Vidya Balan, Ekta Kapoor and Shobha Kapoor on Academy’s list of 395 new members

Recently, the Academy of Motion Picture Arts and Sciences announced their list of new members whom they have invited this year. The list includes artists and executives from 50 countries who have distinguished themselves by their contributions to theatrical motion pictures.

The list has 395 members and three of them are Vidya Balan, Ekta Kapoor, and Shobha Kapoor. The Academy has recognised Vidya for movies like Tumhari Sulu and Kahaani.


Ekta Kapoor and Shobha Kapoor’s names have come under the Producer category and they are recognised for movies like Dream Girl, Once upon a Time in Mumbai, Udta Punjab, and The Dirty Picture.

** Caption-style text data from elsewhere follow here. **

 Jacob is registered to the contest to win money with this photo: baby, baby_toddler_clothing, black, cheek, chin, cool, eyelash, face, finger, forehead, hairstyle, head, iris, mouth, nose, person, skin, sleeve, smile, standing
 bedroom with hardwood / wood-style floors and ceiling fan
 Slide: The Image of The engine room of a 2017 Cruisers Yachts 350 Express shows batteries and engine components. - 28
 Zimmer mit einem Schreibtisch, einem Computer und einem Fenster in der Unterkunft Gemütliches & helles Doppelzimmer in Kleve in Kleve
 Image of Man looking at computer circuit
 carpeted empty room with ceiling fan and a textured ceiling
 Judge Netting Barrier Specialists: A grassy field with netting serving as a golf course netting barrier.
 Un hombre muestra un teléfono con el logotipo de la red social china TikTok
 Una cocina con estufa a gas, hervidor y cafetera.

Oscar nominees Yuh-Jung Youn, Emerald Fennell, Dan Janvey, Maria Bakalova, Jon Batiste, Andra Day, Vanessa Kirby, Darius Marder, Christina Oh, Kemp Powers, Paul Raci, and Steven Yeun have also been invited by the Academy this year.

The Academy has been focusing on diversity since 2015's #OscarsSoWhite uproar. The Class of 2021 has 46 percent women, 39 percent underrepresented ethnic/racial communities, and 53 percent international artists from 49 countries outside of the United States.

Indian celebs like A R Rahman, Amitabh Bachchan, Shah Rukh Khan, Aamir Khan, Salman Khan, Aditya Chopra, and Guneet Monga are already Academy members. Last year, Alia Bhatt, Hrithik Roshan, filmmaker Nishtha Jain, Amit Madheshiya, designer Neeta Lulla, casting director Nandini Shrikent, and others were on the list.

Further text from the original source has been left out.